*Data extract*
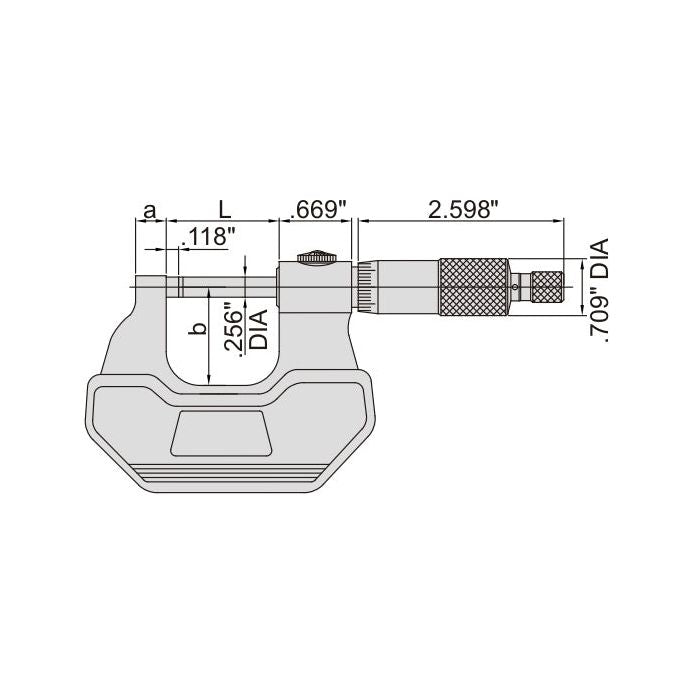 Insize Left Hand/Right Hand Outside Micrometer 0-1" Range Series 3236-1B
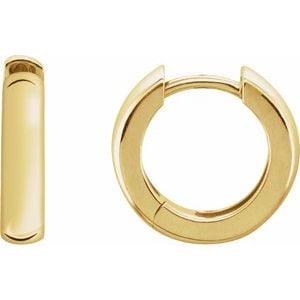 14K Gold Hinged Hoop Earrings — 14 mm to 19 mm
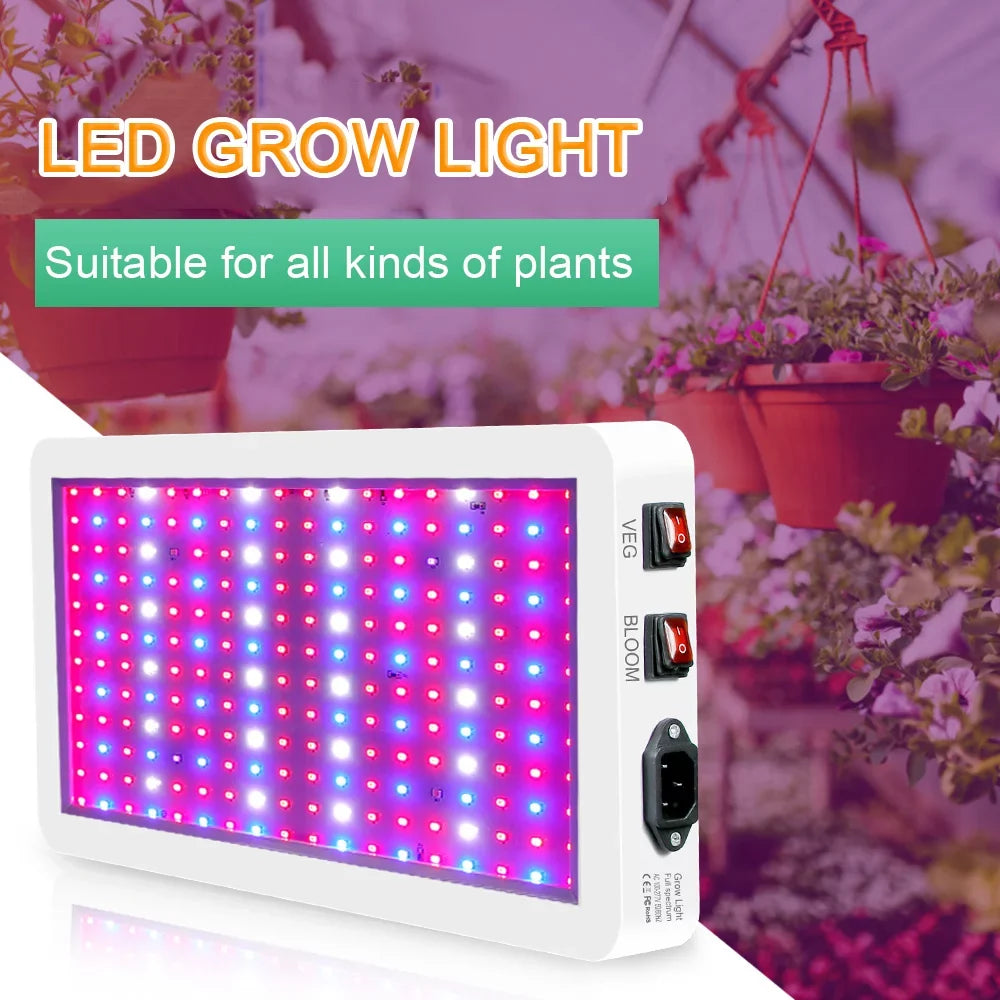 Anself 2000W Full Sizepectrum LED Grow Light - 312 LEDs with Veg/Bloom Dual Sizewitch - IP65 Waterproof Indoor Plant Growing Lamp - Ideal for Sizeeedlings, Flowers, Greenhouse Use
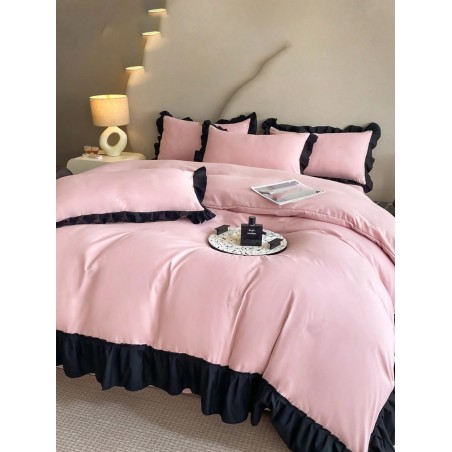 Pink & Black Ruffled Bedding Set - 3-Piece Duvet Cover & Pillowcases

*What is expected*
Please return exactly the lines above, from where the listing starts to the line holding "14K Gold Hinged", inclusive, with the pictures omitted.

*Answer below*
 Insize Left Hand/Right Hand Outside Micrometer 0-1" Range Series 3236-1B
 14K Gold Hinged Hoop Earrings — 14 mm to 19 mm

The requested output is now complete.